‘It’s like planting a garden in your backyard,’ Monarch Mountain gets 1,400 new tree saplings
MONARCH MOUNTAIN, Colo. (KRDO) -- After years of cutting down dead trees to avoid a heightened risk of wildfires, Monarch Mountain is bringing new life to the Monarch pass - 1,400 to be exact.
The U.S. Forest Service gave the 1,400 tree saplings to the mountain as part of its efforts to revive the forests after spruce beetles came through and devastated the Monarch Pass.
Addressing the carnage in the forest, Mountain Operations at Monarch has worked to clear out the dead trees. However, that process was devastating in its own way.
"It can be tough," said Scott Pressly, VP of Mountain Operations for Monarch Mountain. "You know, we all love the forest up here, we try to be good stewards of the mountain. Even by removing trees, we're taking care of the forest, but sometimes it just feels a little bit different."
When Pressly started working at Monarch over 20 years ago, he saw a completely different mountain.
"It was dense, green, healthy forests," said Pressly. "All of our tree islands looked nothing like they do now."
Over time, the impacts of the spruce beetles became more evident, changing the dense, green landscape into areas with scattered samplings of trees.
"We started to see [the trees] gray. We started to see them drop their needles, and then it just became more and more widespread year after year," said Pressly.
The Monarch Pass Vegetation Management Project designated 2,400 acres of land throughout the pass that need to be cleared by mountain operations to avoid the risk of wildfire. Since 2018, the mountain has cleared 225 acres.

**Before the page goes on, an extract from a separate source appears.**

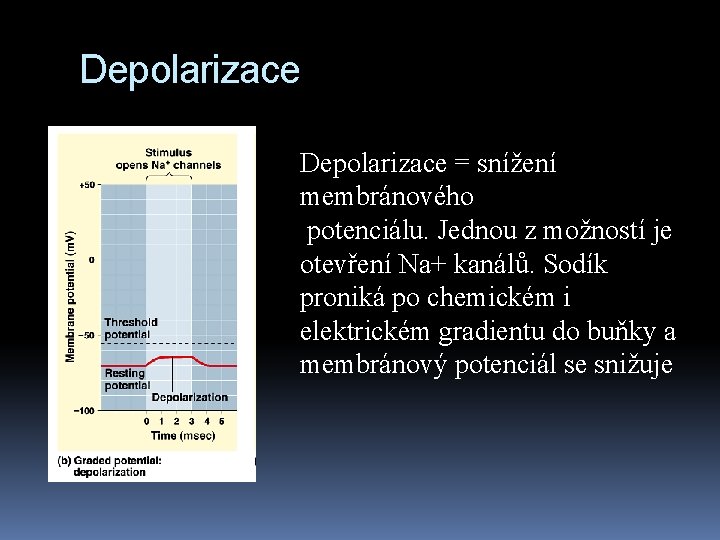 Depolarizace = snížení membránového potenciálu. Jednou z možností je otevření Na+ kanálů. Sodík proniká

But as Pressly and the Mountain staff look toward a long future of tree removal, the opportunity to plant new life provides a glimmer of hope.
"Our crew really looks forward to this," said Pressly. "To have the opportunity to actually put some green trees in the ground, you know, it's like planting a garden in your backyard. It just feels good."
Around 20 volunteers joined 25 mountain staff to plant the saplings in various areas throughout the mountain.
“Everybody cares about Monarch in Salida. Everyone loves it, and everyone wants to see it succeed," said Allie Stevens, a Marketing Manager at Monarch Mountain. "So it was great to bring people up. We weren't sure how many people would show up, but I think we got about 15 or 20 volunteers show up, which was awesome.”
To plant the trees, the workers would dig a small hole, place the tree sapling in the opening, close the soil around the plant, pour water, and then place a small log near it for shade.
“It'll be nice to know that even though we have a bunch of dead trees here, it’s not the end for this area,” said Stevens.